Elektro-Motorräder Warum bei Bikern der Funke nicht überspringt

Nur im übertragenen Sinn unter Strom: Hier eine Demonstration auf Motorrädern in Berlin.
Nur im übertragenen Sinn unter Strom: Hier eine Demonstration auf Motorrädern in Berlin.

Elektrisch und emissionsfrei: E-Motorräder sind eine umweltfreundliche Alternative zu Verbrenner-Modellen. Bei traditionellen Bikern hat die E-Version aber einen schweren Stand. Warum ist das so?

Auf den ersten Blick sieht die Harley-Davidson „Livewire One“ aus wie ein gewöhnliches Motorrad. Erst an der Ampel hört man den Unterschied zur sonst üblichen Lärm-Kulisse. Mit ihrem elektrischen Antrieb ist sie nicht nur leise unterwegs, sondern auch umweltfreundlich: Weil der Zweirad-Stromer keine Abgase ausstößt, reduziert er die lokale Belastung durch Feinstaub und Schadstoffe.

In Deutschland spielt Elektromobilität in der Automobilindustrie eine wichtige Rolle, um Klimaziele zu erreichen. Doch während sich E-Autos etablieren, haben die batteriebetriebenen Motorräder noch einen langen Weg vor sich. „Die meisten Biker brauchen das Freiheitsgefühl auf der Maschine. Sie wollen ihre Strecken fahren, ohne an die nächste Steckdose denken zu müssen“, erzählt Dirk, der anonym bleiben will. Für den leidenschaftlichen Motorradfahrer komme der Kauf eines E-Modells nicht infrage: „Ein Biker erkennt eine Maschine am Klang – auch das fällt bei den Elektro-Motorrädern weg.“

Hier die Zahlen

Zwar ist laut Industrie-Verband Motorrad Deutschland (IVM) das Interesse an motorisierten Zweirädern mit E-Antrieb seit 2020 deutlich gestiegen, das gelte aber vor allem für die kleineren Fahrzeugsegmente. 2023 gab es nach Angaben des Kraftfahrt-Bundesamts (KBA) 222.046 Neuzulassungen für Krafträder – davon hatten nur 16.945 (7,6 Prozent) einen Elektro-Antrieb. Im Jahr zuvor waren es noch 33.687 von 223.889 neu zugelassenen Krafträdern.

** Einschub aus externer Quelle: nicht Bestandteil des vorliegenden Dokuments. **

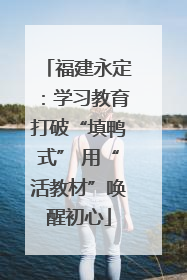 福建永定：学习教育打破“填鸭式” 用“活教材”唤醒初心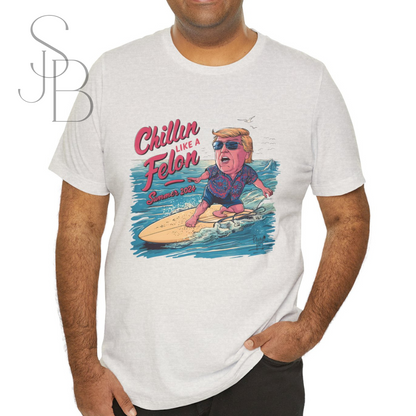 Chillin like a Felon - Trump on Surf Board - Trump Tee - Unisex Jersey Short Sleeve Tee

Auch die Angebotspalette von elektrischen Krafträdern ist überschaubar. So verschob BMW die Vorstellung seines ersten E-Motorrads auf frühestens 2026 – ursprünglich war das Modell schon für 2025 angekündigt worden. Es gebe weltweit „nirgendwo eine wirklich relevante Nachfrage seitens der Kunden nach elektrischen Motorrädern“, sagt BMW-Sprecher, Tim Diehl-Thiele. So lange die Nachfrage ausbleibe, habe es keinen Sinn, ein vollelektrisches Motorrad auf den Markt zu bringen.

Zu wenig Reichweite

Die häufigsten Kaufhindernisse sind die eingeschränkte Reichweite und die Aufladedauer von E-Motorrädern, erklärt Matthias Meier, Geschäftsführer der Harley-Davidson-Factory in Frankfurt. Nach Angaben des ADAC schaffen es die meisten Modelle nur auf 100 bis 200 Kilometer Reichweite. Motorradfahrer würden ihre Krafträder aber oft für deutlich längere Strecken nutzen, sagt Meier. „Wenn der typische Motorradfahrer mit seinen Kumpels einen Ausflug machen will, kommt er mit der E-Version nicht weit.“

Um die Barrieren der Motorradfahrer abzubauen, lohne sich eine Probefahrt, so Meier. „Elektrische Motorräder polarisieren beim Erstkontakt.“ Das Handling und die spielerische Leichtigkeit würden fast jeden begeistern. „Man muss nicht mal kuppeln. Auch die Bremse braucht man nur, wenn man mal scharf bremsen muss. Und im Hochsommer muss man sich nicht vor der Motorwärme schützen“, sagt er über die E-Harley.

Die Kleinen machen’s vor

Deutlich erfolgreicher sind die kleineren E-Modelle. Gerade in Stadtgebieten profitiere man von kurzen Stauzeiten, einfacheren Parkmöglichkeiten und überschaubaren Fahrzeugkosten, heißt es vom IVM. Dem Verband zufolge machen Elektrofahrzeuge in der kleinsten Klasse, die Kleinkrafträdern mit bis zu 50 Kubikzentimetern Hubraum entspricht, fast 30 Prozent aus. Ähnliches gilt für die Klasse A1 mit einem Hubraum bis zu 125 Kubikzentimetern, wobei im vergangenen Jahr mehr als 10 Prozent der neu zugelassenen Zweiräder einen Elektroantrieb hatten.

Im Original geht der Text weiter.